Mas esse acordo parece estar a diminuir. Os partidários de ambos os lados vêem cada vez mais as instituições nos EUA não como benéficas e necessárias, mas como parte de um esforço da outra parte para ganhar vantagem e perpetuar o seu poder e posições filosóficas. Os liberais e democratas de hoje, por exemplo, confiam menos nas instituições familiares tradicionais, nas instituições religiosas tradicionais e no sistema económico. Os Republicanos têm menor confiança no processo científico, no ensino superior, nos meios de comunicação social, e no papel do Estado (governo).
Estas visões cépticas das instituições e estruturas sociais enviesam-nos para a desconfiança, raiva e lutas internas – esforços inúteis para resolver problemas e enfrentar ameaças.
O que Mente à Frente?
Como notado, um cepticismo saudável da forma como as coisas funcionam na sociedade é muitas vezes justificado. Mas a nossa sociedade deve continuar a funcionar, e esse funcionamento exige um acordo subjacente na legitimidade das instituições da sociedade. Isto é particularmente verdade hoje em dia, quando existem ameaças externas crescentes à nossa sociedade e modo de vida de todos os lados, desde estados desonestos a terroristas, passando por mudanças nos padrões climáticos e meteorológicos, até às mudanças nas economias mundiais e populações extremamente instáveis.

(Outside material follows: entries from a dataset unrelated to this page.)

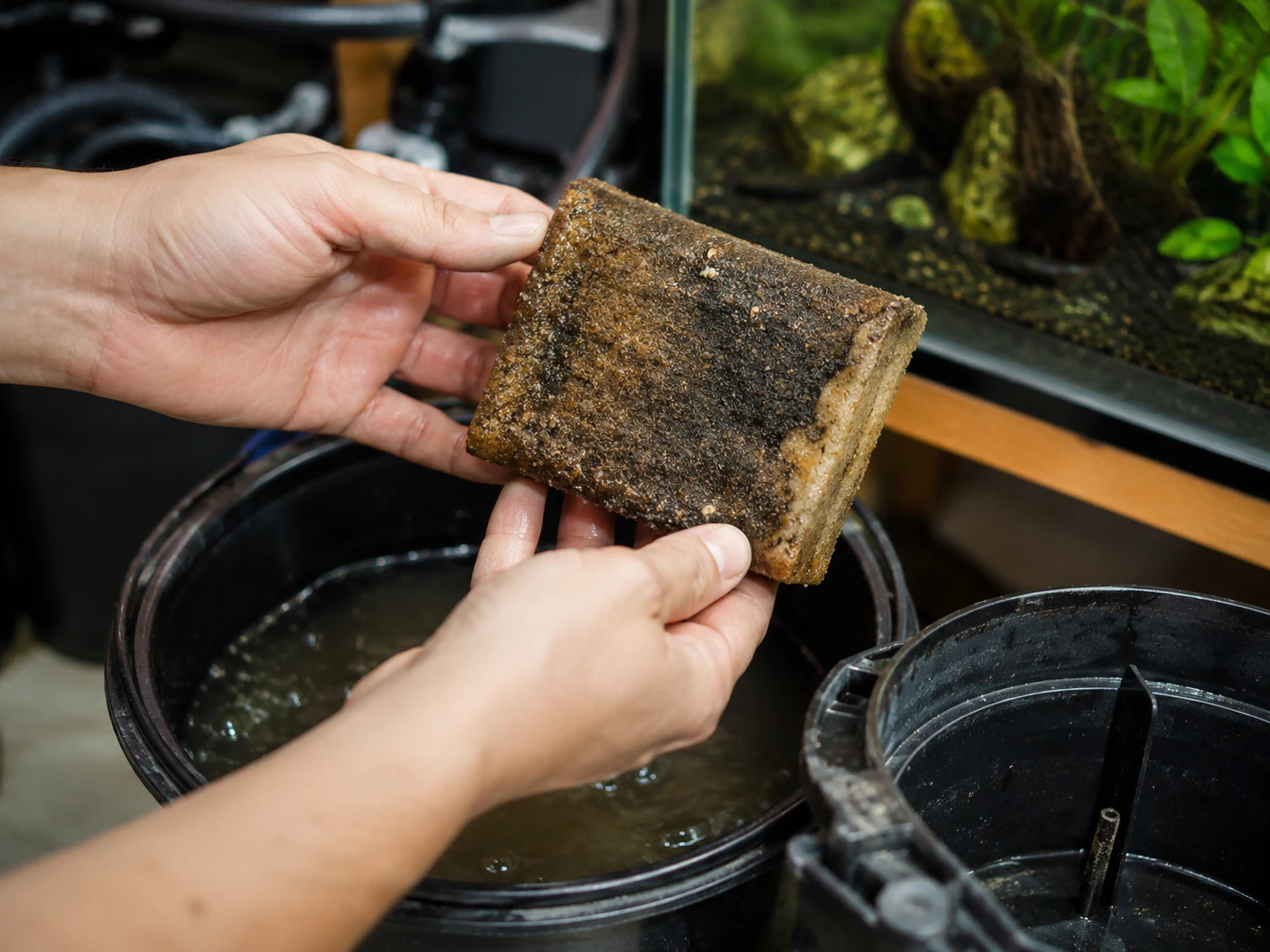 Aquarium filter media being checked for clogging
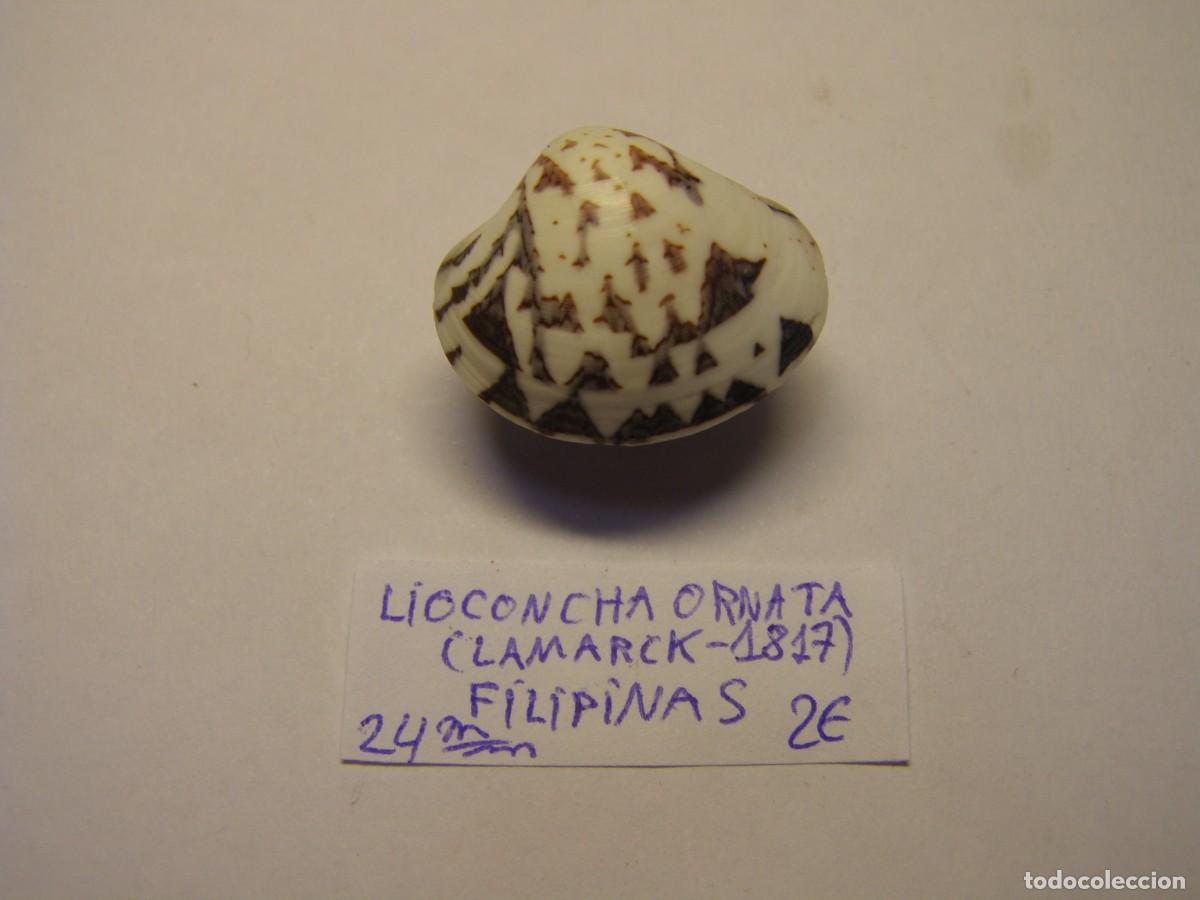 Coleccionismo de moluscos: Bivalvo shell lioconcha ornata. Filipinas.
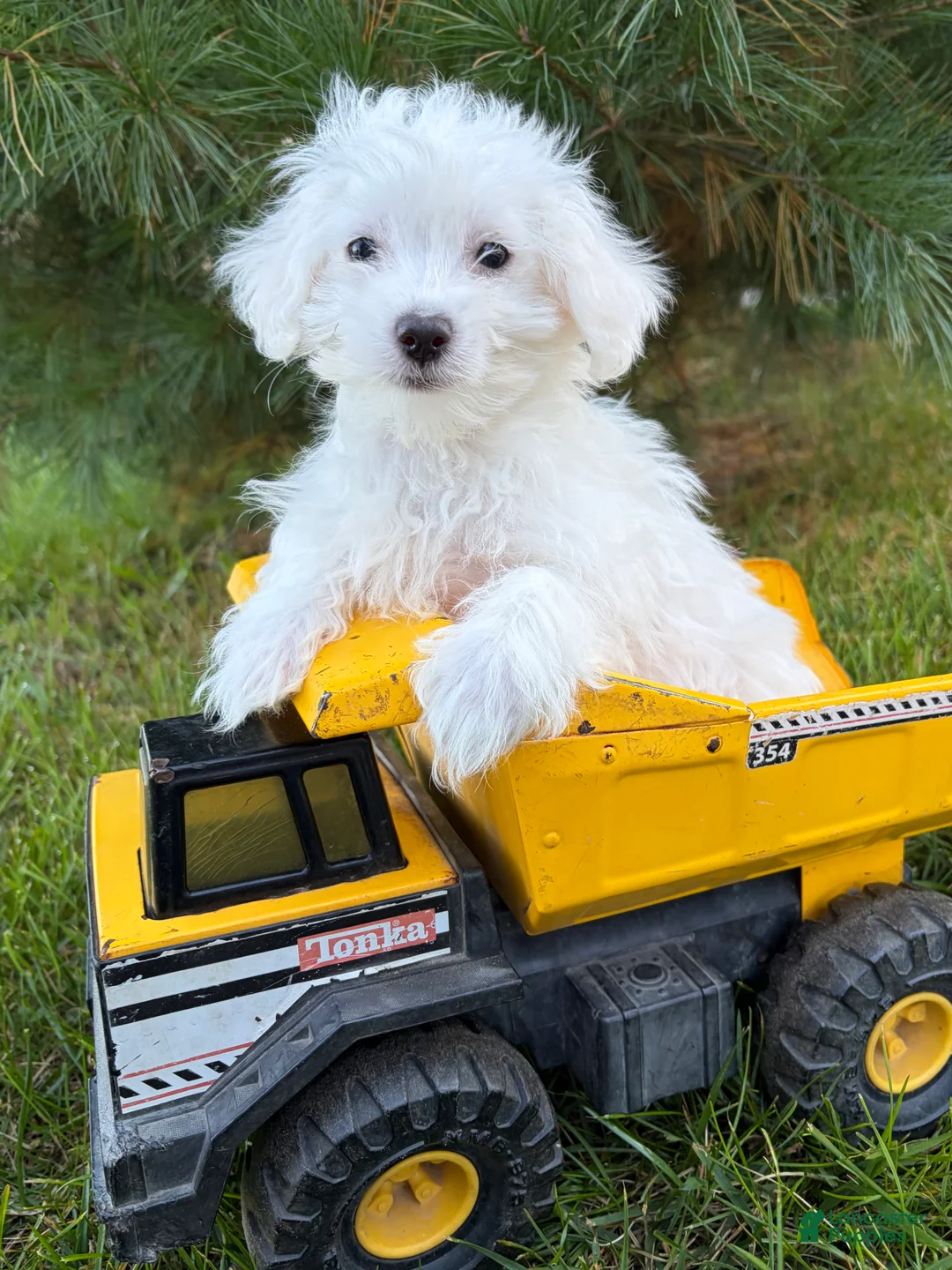 Maltese dogs for sale: Enzo - Ad 1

A dada altura, a nossa sociedade tem de equilibrar o conflito interno resultante das diferenças de pontos de vista dos partidários do mundo com um acordo mais amplo sobre como nós, como sociedade, nos adaptamos às ameaças externas e alcançamos os objectivos da sociedade. O que será necessário para o fazer? Presumivelmente, precisamos de líderes que não se concentrem tanto em tirar partido das diferenças partidárias, e em fomentar as mesmas, como em olhar para o quadro mais amplo. Trata-se de um desafio difícil, mas ao qual o público americano pode muito bem ser bastante receptivo. É geralmente mais fácil criticar do que fazer esforços para chegar a acordo sobre soluções. Mas vamos precisar de mais ênfase neste último nos próximos anos, penso eu, para que a nossa sociedade possa prosperar e sobreviver.